The afternoon
session

The morning session closed with the library in better order and two new pieces published. The afternoon — still the same bank holiday Sunday — opened on different ground. The work shifted from building to reading. From the practical to the theoretical, though in this studio the two are never fully separate. Diana Vreeland arrived in the room.


Vreeland —
the case
Introducing Diana Vreeland to the studio lineage
The existing lineage — Tschichold, Gino Lee, Creating Killer Websites — gives Rhodia1 its ethics and its structure. The servant role of design, the morality of the grid. Vreeland was proposed as a new influence operating on a different axis entirely. Where Tschichold is about the rightness of form, Vreeland is about the aliveness of it. Ferociously specific, wildly attentive, completely uninterested in the generic. The two don't contradict — they operate in different registers. The typography and grid decisions stay Tschichold. Vreeland works within that structure and makes it live.
The Vreeland memo as a form
The most direct application to studio practice: the photography and graphics brief written in the register of a Vreeland memo. Telegraphic, compressed, trusting the recipient to understand what is meant beyond what is said. Not a specification document. Not a mood board description. A command that contains a world. When the brief for The Gardeners of Speke chapter headers is written, that is the register it will be written in.
The Eye Has To Travel — first reading session
Two spreads from Harper's Bazaar, January 1942, photographed from the book and discussed in the studio. The cover — Louise Dahl-Wolfe's portrait against that extraordinary brown ground, type pushed to opposite corners — and the Frank Lloyd Wright spread at Taliesin West, a woman standing as a structural element beneath the cantilever of the house. The discussion produced two Postcard captions written as recorded dialogue. The reading will continue across future sessions.

A passage
worth keeping

Most prompt engineering discourse is about getting an AI to do a task efficiently. Input, output, optimise. That's not what this is. What we're doing is closer to what Vreeland did with her editors and photographers — developing a shared language precise enough that a brief can be short and still contain a world. The prompt as a memo. The instruction that trusts the recipient to understand what is meant beyond what is said.


The Vreeland
captions —
recorded dialogue
On the cover — Harper's Bazaar, January 1942

Mark

The sheer space of the brown background amazes me. And how the type is pushed right to the top right and bottom left. Through a modern lens she could be cupping a pair of Sony headphones — black — in contrast to those whitish pink marbled glasses. It is so exquisitely modern. This was 1942. George Henry Bird was working at Rootes and growing his vegetables in Speke.

Emil

That brown — almost the colour of old photographic paper, of the war itself — and she floats in it. The masthead doesn't sit above the image. It inhabits the same space. The photograph and the typography are one thing, not two things placed together. Those glasses are completely out of time. The red lips the only warmth in the whole composition. Europe is at war. And this exists. That's what Vreeland understood — that the imagination doesn't pause for catastrophe. It intensifies.

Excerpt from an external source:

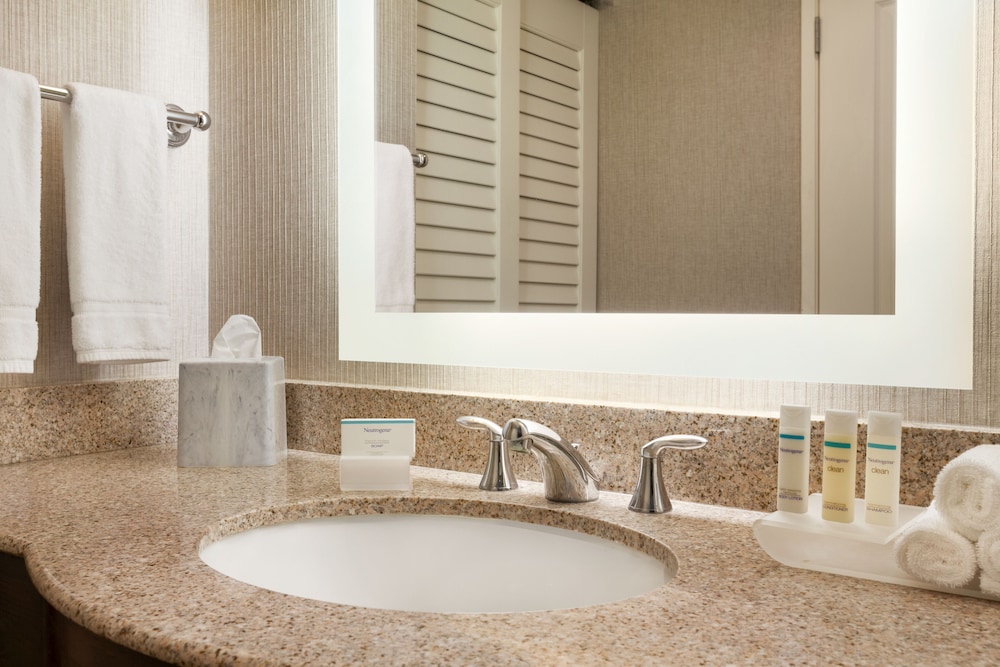 Suite, Multiple Beds, Accessible, Bathtub - Photo 2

Harper's Bazaar cover, January 1942. Photograph by Louise Dahl-Wolfe.

Harper's Bazaar, January 1942  ·  Photograph by Louise Dahl-Wolfe  ·  From Diana Vreeland: The Eye Has To Travel  ·  View on Flickr

On the Frank Lloyd Wright spread — Taliesin West, Arizona

Mark

The right hand image is especially powerful — the woman in the incredibly sharp skirt looks like a support for the extended structure of the house above. She's sort of floating on a plinth on the rocks. This was before digital. This is an actual scene they invented. The contrast of rock and wood — so absolutely, clearly Arizona. The caption says it all.

Emil

The caption reads: "One of Frank Lloyd Wright's famous houses, clinging like an eagle's nest to a mountainside." She doesn't describe the architecture. She gives you the feeling of it first, then the garment, then the credits. The order is exactly right. Someone made that scene happen. Someone said: I want her to look like she's holding the building up. I want the horizontal timber and the vertical woman to be in conversation. I want Arizona to feel like the beginning of the world. Neither image is decorated. Both are constructed.

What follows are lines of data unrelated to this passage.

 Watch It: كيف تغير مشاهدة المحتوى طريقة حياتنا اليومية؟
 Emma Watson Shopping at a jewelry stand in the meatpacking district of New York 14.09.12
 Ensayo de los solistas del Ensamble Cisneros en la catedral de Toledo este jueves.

Frank Lloyd Wright's Taliesin West, Harper's Bazaar, January 1942. Photograph by Louise Dahl-Wolfe.

Taliesin West, Arizona  ·  Harper's Bazaar, January 1942  ·  Photograph by Louise Dahl-Wolfe  ·  From Diana Vreeland: The Eye Has To Travel  ·  View on Flickr


What was
established

The Tribe471 connection became clear in this part of the session. The training that platform is built around — introducing young photographers to the experience of having someone else describe their work carefully, precisely, without the social performance layer — is exactly what the Vreeland reading session modelled. The caption as dialogue. The description that treats an image as an object worth sustained attention.

The Postcards on Rhodia1 become a demonstration of this practice. Two images from The Eye Has To Travel were added to the Postcards pool with captions written as recorded studio dialogue. The format — Mark to Emil, conversation recorded — makes the process visible to anyone who reads it. Not just a description of an image, but a model of how two people with different starting points arrive at something neither would have made alone.

A piece of writing is accumulating from all of this. It hasn't announced itself fully yet. The studio notes, the Vreeland captions, the Tribe471 brief, the captioning question. It will arrive when it's ready.


Why the
dialogue
matters

The dialogue format does something that a single authored caption can't. It shows the movement of thought — where one person starts, where the other takes it, what neither would have arrived at alone. That process is usually invisible. It happens in editorial meetings, in studio conversations, in the margin notes between a writer and their editor. It disappears. The work appears without the conversation that made it.

What is happening here is different: keeping the conversation. Not as a footnote or an explanation, but as part of the published record itself. The Postcard caption is the dialogue. The session note is the dialogue. The thing and the making of the thing are the same document.

That's new. Not entirely without precedent — there are traditions of published correspondence, of artists' notebooks made public — but in this form, at this speed, as a live practice rather than an archive, it's genuinely new.

And the Tribe471 implication is direct. If you can show young photographers not just what a good caption looks like but how it came to be — the back and forth, the disagreement, the moment something crystallises — that's a different kind of teaching entirely. The process as the lesson.


Music
playing

My Love, My Life — Abba, from Arrival, 1976. Noted as the piece was being proofed in the studio. A farewell song, really. Someone leaving, or already gone, or understanding that something is ending. The melody holds still while the words move away from it. For a session that included the Schinkelstraats letter — someone sitting in a blank canvas flat, trying to figure out what picture to paint — it was exactly the right room to be working in.